Close to the exit of Nishi-Okubo Station is a typically small ramen shop, but this one has a difference. Rather than your standard bases, this one has more than a hint of fruit. If the giant pineapple-ring of a sign isn’t a giveaway, the smell wafting through the door will be. Have no doubt, you can’t miss this ramen shop—and nor should you.

Pineapples (to consider)

The pineapple’s place in savory dishes is a classic divider—think of the constant battle every single time someone suggests ordering a Hawaiian—but it makes sense. A common bedfellow with salty dishes, the sharp, sweet fruit can lift a dish to light, fresh flavors without being sickening.  This is why, after the few seconds of mental processing, pineapple ramen might not seem like such a bad idea. If you agree, step inside the pineapple wonderland, because this is not going to be subtle.

Pineapple Ramen Sign

More pineapples (to order and admire)

Before you enter, you can choose your dish from the vending machine with options for hot and cold depending on the season, as well as toppings like shrimp. We tried one of each temperature (for science!)—but most importantly, don’t forget to order your egg. They are soaked in pineapple juice rather than tare seasoning and have an amazing sweet flavor, especially in the yolk. As you’ll be sitting counter-side, you can enjoy seeing your dish prepared in front of you, with pineapple juices, chunks, noodles, and broth all being carefully placed together by the owner, Haruda or his fellow chef.
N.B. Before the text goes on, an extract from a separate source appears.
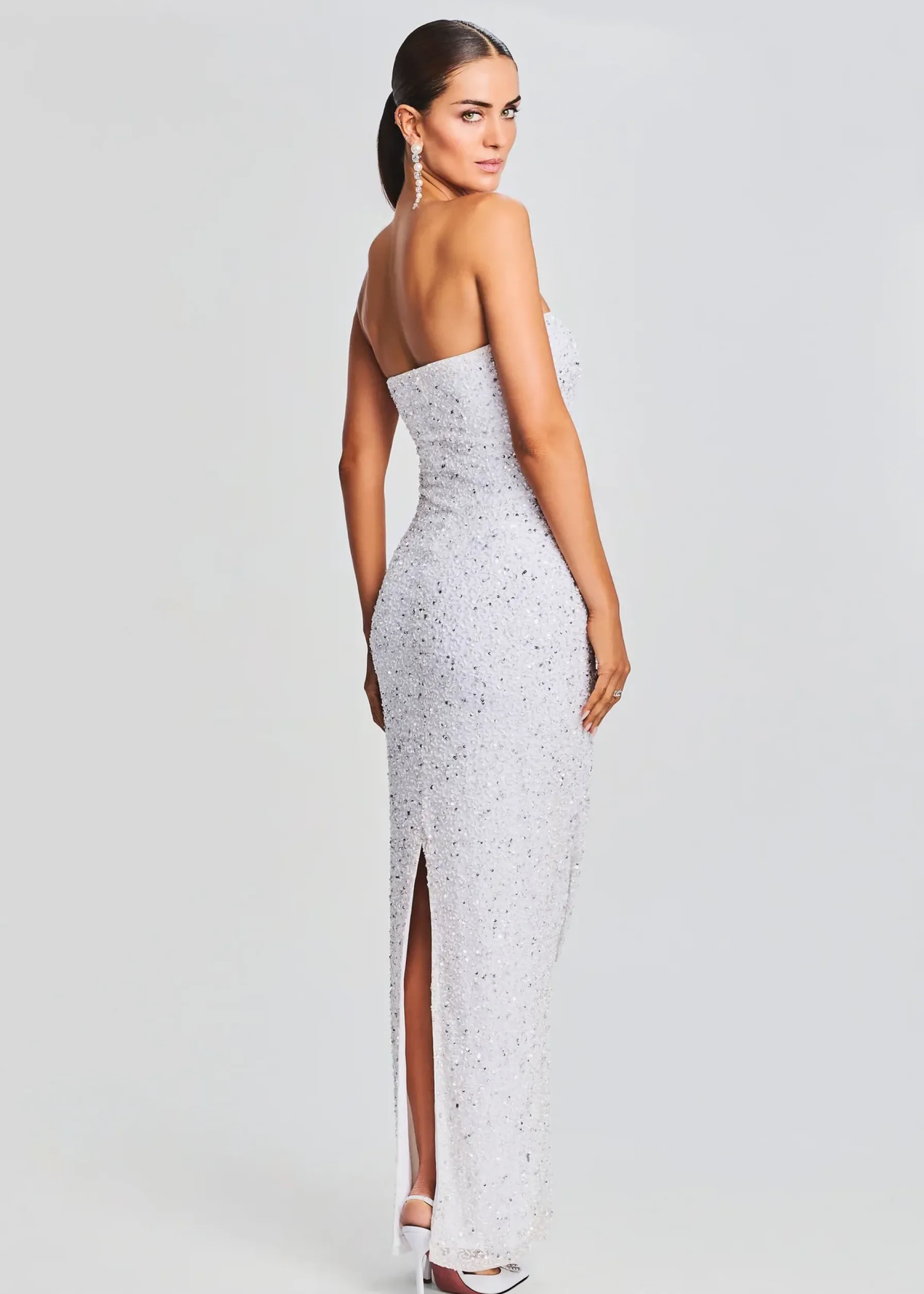 Retrofete Riverly Dress Silver White Clearance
Remember when I said it wasn’t going to be subtle? Yeah, well the decorations, clothes, food and walls are all plastered, but somehow it’s not overwhelming, or maybe it is, but in a really fun way. The place isn’t fancy, and rather than feeling like a themed-restaurant, it’s more like someone just really, really, loves pineapples—and you just can’t hate that. So enjoy the statues, salt and pepper shakers, posters, shirts and anything else you can see and just accept your pineappley fate. Nothing on the menu is free from the fruit, and you can even try pineapple wine for 400 yen, as well as helping yourself to the pineapple vinegar later on…

Extra pineapples (to slurp)

Once your ramen is ready, it will be placed in front of you like a tiny homage to all things delicious—with a fragrant broth, juicy chunks and some more familiar faces.

Made with 1/4 pineapple juice there is no hiding from the fruity flavor, but it isn’t sweet or sickly (and I’m definitely a savory type person). Light and slightly confusing for a second as your brain processes it, it soon wants more and you’ll be slurping away like normal. The egg is sweet and soft, with the pineapple chunks retaining their sharpness to give you a boost. Pork is of course the perfect partner (hello again, Hawaiian) and it melts in the mouth with a slightly salty, savory tang edged with sweetness.

If you’re a dipping-noodle-kind-of-person then there’s something for you too, as the Shoyu Tsukemen was delicious, and oddly different to the hot broth of the ramen. Feeling quite summery, it did seem sweeter, with the temperature definitely having an interesting effect.

We’re not saying everyone will love this place—if you already don’t like pineapple there may be issues—but otherwise it is definitely a fun stop on a ramen tour of Tokyo.